JavaUser
JavaUser

Reputation: 26324

Find out given mac address is in range or not

I want to know whether a given mac address is in range of specified mac addresses.

For example , i defined begin and end address . If you provide any mac address with in this range then the API has to return true otherwise false.

Eg : 70-71-BC-90-0D-01 is in range and 70-71-BC-90-0D-FF is not in range.

Begin address:  70-71-BC-90-00-00
End address :   70-71-BC-90-0D-F7

Thanks

Upvotes: 3

Views: 1101

Answers (2)

Bohemian
Bohemian

Reputation: 424983

Since 0-9 chars are "less than" A-Z chars, and all inputs are the same length, just use String comparison:

String beginAddress = "70-71-BC-90-00-00";
String endAddress = "70-71-BC-90-0D-F7";

if (macAddress.compareToIgnoreCase(beginAddress) >= 0
   && macAddress.compareToIgnoreCase(endAddress) <= 0)
    // in range

Upvotes: 5

icza
icza

Reputation: 417512

To be completely universal with the ranges (and not just answer to this specific range), you can create BigInteger instances, and compare them.

To create BigIntegers, we'll look at the MAC addresses as the hexadecimal representations of the numbers.
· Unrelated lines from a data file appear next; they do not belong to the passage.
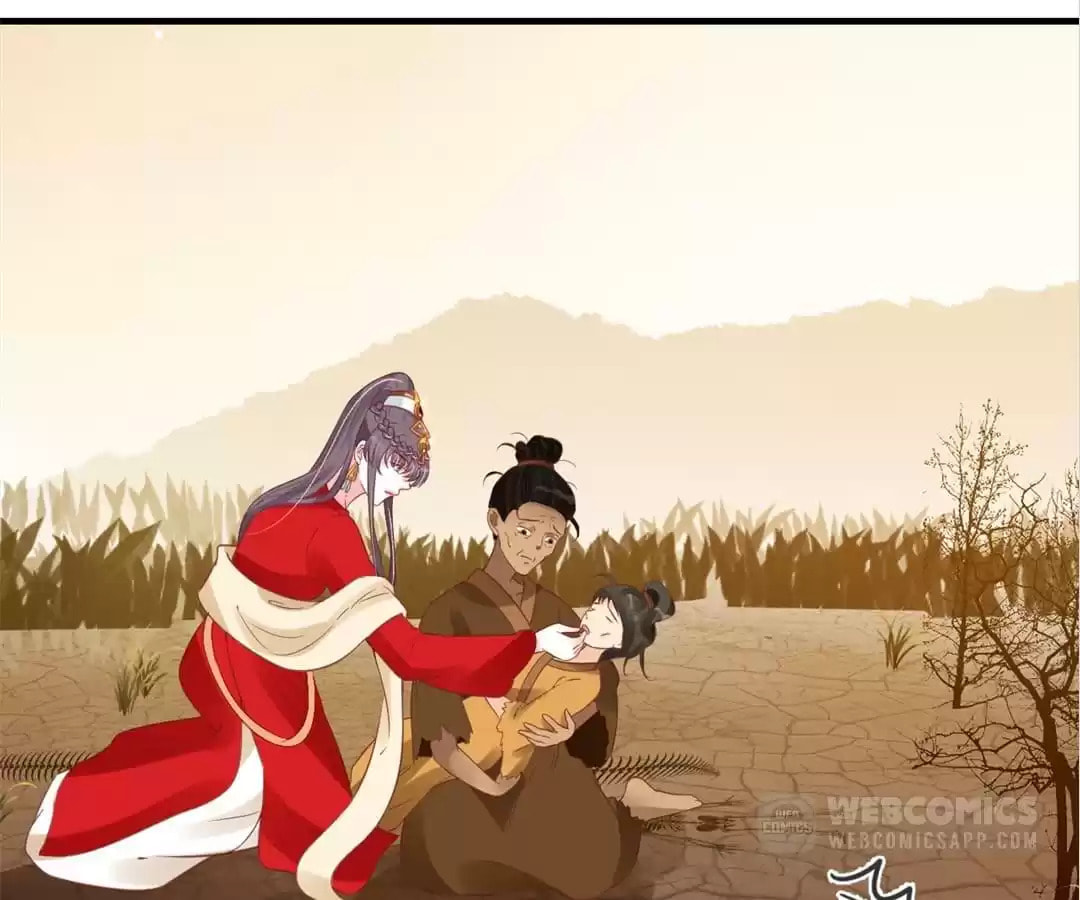 Shengshi Li Hua Dian (Colored) Chapter 54 page 79 - 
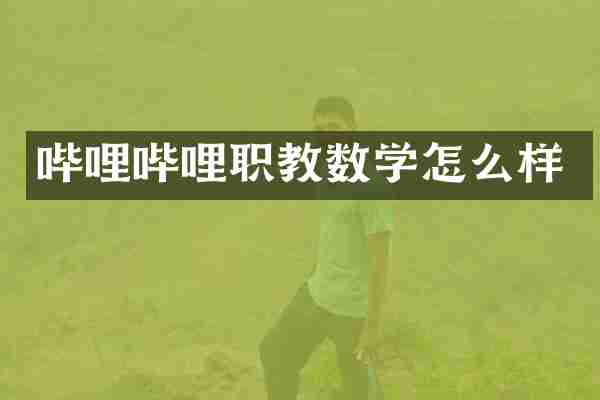 哔哩哔哩职教数学怎么样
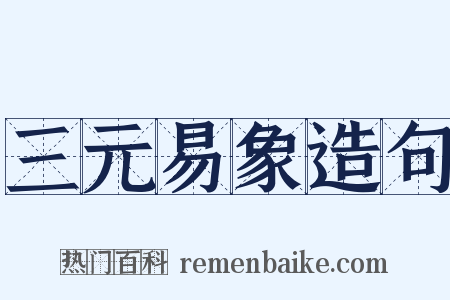 三元易象造句是什么意思的图片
The following implementation doesn't care about:

  • the "case" of hexadecimal digits (works with lower-cased, upper-cased, mixed)
  • whether there are dash '-' separator characters in MAC addresses

The Java code:

BigInteger min = new BigInteger(minAddr.replace("-",""), 16);
BigInteger max = new BigInteger(maxAddr.replace("-",""), 16);

BigInteger test = new BigInteger(testAddr.replace("-",""), 16);

boolean isInRange = min.compareTo(test) <= 0 && max.compareTo(test) >= 0;

If you need to check many MAC addresses, you can obviously cache the min and max BigIntegers.